Strona:Gösta Berling (tłum. Mirandola).djvu/106

Z Wikiźródeł, wolnej biblioteki
Ta strona została przepisana.


WYPRZEDAŻ W BJÖRNE.

Nieraz będąc dziećmi dziwowaliśmy się opowiadaniom starszych.
— Czyż każdego dnia bywały bale za waszych lat młodych? — pytaliśmy. — Czy całe życie było jedną jeno bajką? Czy w czasach owych każda dama była piękna i godna miłości? Czy po każdym balu porywał jednę z nich Gösta Berling?
Starcy potrząsali czcigodnemi głowami i zaczynali opowiadać, jak to mruczały kołowrotki, trzaskały warsztaty tkackie, jak się krzątano w kuchni, młócono na klepisku i rąbano drzewo po lasach. Zaraz jednak wpadli z powrotem w dawny ton. Sanki zajeżdżały przed ganek, weseli, młodzi ludzie mknęli przez ciemne bory, wirował taniec i pękały struny skrzypiec.
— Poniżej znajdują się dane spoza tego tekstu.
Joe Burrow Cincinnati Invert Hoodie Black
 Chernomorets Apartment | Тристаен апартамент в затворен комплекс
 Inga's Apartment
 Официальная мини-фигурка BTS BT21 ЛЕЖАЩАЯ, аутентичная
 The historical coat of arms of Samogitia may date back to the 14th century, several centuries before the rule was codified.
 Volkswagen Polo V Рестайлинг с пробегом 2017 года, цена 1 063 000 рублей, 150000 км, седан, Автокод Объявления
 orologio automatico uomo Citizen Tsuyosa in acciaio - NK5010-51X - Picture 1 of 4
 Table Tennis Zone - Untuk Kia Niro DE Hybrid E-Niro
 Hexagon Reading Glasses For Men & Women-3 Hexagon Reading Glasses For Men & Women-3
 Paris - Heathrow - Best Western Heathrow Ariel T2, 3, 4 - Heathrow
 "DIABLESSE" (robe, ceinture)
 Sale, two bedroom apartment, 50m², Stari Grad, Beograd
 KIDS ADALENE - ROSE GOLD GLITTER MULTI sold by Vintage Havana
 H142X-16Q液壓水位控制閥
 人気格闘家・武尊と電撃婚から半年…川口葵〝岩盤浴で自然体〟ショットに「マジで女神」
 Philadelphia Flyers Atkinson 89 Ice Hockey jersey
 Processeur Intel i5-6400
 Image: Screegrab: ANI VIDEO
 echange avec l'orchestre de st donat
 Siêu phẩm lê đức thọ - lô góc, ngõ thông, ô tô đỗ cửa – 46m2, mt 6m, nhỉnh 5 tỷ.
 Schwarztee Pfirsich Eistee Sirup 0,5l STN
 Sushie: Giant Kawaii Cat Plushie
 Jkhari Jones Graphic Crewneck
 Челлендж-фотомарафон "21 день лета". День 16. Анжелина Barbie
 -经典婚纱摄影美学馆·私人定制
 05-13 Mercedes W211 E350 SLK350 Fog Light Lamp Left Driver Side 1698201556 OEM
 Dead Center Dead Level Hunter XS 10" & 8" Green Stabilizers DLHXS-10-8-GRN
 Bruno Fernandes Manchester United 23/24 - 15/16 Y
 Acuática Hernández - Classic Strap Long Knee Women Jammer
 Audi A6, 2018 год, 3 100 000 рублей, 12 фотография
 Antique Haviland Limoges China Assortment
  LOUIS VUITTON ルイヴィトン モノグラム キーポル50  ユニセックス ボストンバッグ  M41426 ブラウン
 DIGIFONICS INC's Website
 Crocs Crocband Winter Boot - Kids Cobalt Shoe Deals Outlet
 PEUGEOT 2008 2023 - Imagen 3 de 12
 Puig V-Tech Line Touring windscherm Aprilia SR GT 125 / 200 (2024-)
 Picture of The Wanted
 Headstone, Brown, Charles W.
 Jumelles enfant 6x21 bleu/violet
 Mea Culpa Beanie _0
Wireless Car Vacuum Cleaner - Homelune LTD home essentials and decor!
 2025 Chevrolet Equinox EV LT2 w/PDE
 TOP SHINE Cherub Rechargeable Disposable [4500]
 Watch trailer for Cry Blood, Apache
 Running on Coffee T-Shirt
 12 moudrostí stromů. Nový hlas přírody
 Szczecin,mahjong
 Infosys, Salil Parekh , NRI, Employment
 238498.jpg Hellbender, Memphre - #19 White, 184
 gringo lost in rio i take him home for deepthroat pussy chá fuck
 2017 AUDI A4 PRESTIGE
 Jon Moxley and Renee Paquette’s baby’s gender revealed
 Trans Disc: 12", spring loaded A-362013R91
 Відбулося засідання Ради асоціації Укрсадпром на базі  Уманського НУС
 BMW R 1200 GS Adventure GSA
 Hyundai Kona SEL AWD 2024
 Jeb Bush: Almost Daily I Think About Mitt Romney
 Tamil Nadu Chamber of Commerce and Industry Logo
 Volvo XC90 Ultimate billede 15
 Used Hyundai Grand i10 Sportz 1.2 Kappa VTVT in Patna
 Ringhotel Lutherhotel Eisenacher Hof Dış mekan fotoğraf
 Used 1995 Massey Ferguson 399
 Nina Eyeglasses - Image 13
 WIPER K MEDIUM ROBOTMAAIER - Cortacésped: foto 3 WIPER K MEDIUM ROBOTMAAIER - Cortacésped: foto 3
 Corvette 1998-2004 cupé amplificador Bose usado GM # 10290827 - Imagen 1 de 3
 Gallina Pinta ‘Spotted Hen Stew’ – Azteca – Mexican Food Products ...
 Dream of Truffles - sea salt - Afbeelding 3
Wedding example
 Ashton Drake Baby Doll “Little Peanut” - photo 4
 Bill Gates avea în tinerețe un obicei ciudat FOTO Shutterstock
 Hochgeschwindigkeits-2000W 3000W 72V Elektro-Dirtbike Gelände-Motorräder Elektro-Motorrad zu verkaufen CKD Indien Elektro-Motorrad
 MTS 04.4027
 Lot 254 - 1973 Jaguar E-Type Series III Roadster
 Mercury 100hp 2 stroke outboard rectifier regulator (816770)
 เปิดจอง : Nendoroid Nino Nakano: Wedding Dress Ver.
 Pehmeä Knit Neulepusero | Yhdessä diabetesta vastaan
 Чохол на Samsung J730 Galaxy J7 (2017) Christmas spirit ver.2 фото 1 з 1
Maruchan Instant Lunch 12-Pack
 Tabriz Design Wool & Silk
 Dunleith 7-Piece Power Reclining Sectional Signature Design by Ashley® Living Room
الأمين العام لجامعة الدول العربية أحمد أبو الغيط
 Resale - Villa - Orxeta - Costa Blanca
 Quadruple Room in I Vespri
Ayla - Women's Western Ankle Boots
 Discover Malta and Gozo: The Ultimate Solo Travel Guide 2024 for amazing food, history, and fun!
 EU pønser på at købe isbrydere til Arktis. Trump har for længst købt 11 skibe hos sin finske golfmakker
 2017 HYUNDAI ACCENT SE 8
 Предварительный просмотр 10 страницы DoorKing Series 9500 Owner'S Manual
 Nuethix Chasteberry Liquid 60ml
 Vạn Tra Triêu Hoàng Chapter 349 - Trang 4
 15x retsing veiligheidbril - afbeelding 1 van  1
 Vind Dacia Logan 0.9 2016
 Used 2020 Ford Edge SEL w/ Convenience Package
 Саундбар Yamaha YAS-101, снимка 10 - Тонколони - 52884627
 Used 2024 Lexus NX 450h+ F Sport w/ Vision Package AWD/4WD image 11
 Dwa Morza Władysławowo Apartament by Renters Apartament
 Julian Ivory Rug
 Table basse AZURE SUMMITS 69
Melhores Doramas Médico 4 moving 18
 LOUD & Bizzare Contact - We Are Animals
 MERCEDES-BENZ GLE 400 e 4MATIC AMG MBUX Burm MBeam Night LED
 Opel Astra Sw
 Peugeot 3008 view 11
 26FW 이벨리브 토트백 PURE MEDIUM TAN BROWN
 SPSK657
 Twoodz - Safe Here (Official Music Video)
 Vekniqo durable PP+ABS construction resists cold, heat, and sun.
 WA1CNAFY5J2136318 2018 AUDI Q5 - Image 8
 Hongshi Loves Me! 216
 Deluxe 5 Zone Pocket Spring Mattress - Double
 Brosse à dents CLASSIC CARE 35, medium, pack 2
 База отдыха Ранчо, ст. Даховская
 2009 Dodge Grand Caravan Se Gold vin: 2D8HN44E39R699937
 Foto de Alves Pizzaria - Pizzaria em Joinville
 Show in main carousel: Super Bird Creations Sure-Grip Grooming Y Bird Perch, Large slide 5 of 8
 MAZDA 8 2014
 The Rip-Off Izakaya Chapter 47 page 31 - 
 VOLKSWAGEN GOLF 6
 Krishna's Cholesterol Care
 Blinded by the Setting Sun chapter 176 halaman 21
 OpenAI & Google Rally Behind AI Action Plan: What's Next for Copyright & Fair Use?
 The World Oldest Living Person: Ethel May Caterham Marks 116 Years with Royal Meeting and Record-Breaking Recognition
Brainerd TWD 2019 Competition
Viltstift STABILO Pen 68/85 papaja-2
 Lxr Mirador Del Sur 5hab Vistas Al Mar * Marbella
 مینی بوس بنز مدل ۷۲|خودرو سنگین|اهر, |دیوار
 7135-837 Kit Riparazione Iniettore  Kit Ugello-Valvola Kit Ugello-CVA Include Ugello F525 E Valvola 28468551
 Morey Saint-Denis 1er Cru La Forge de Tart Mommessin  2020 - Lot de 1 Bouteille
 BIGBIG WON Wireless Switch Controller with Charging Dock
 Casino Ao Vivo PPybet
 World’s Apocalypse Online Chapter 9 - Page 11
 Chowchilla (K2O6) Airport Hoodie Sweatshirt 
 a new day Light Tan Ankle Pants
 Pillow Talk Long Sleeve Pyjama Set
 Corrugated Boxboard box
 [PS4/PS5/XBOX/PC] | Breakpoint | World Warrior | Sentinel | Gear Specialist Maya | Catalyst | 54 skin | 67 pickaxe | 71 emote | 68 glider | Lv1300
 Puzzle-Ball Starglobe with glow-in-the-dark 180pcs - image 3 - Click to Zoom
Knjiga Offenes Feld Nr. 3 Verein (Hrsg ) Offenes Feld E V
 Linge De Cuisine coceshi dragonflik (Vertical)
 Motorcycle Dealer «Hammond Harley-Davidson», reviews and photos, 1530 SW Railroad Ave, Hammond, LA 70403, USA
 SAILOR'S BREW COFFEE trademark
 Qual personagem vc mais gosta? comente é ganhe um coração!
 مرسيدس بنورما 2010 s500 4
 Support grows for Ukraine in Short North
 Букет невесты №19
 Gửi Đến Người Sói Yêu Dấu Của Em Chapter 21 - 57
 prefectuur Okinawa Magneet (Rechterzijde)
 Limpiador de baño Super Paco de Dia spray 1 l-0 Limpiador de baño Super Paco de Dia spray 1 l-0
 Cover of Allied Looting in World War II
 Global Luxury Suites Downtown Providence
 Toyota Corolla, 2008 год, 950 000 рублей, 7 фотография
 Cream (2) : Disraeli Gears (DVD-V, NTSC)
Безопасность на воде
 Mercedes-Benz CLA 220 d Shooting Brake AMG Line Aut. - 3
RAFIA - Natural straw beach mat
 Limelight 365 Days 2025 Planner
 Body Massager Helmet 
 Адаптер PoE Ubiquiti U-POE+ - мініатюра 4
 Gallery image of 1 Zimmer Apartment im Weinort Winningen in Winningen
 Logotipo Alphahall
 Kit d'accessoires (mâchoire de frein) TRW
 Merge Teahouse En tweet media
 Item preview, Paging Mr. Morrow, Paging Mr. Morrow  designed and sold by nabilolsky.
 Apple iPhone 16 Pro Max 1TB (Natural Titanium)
Zdala dolatał huk walących się drzew, od rozpętania żywiołów wybuchały pożary, wzbierały potoki, a wilki ścigały, wyjąc dokoła osiedli. Pęd ośmionogich rumaków rozbijał w puch wszelaką szczęśliwość, kędy przebiegły, dzikość rozjarzała się w sercach mężczyzn, a blade kobiety uciekały z domów i zagród.
Siedzieliśmy, bywało, zdumieni, trwożni, a szczęśliwi zarazem.
— Cóż za ludzie! — myśleliśmy. — Takich dziś się uświadczyć w świecie.
— Czyż nie myśleli nad tem, co czynią, ludzie czasów onych? — pytaliśmy.
— Myśleli... myśleli, czemużby nie? — brzmiała odpowiedź starców.
— Chyba nie tak, jak my? — stwierdzali chórem młodzi, a starzy nie wiedzieli zgoła o co idzie.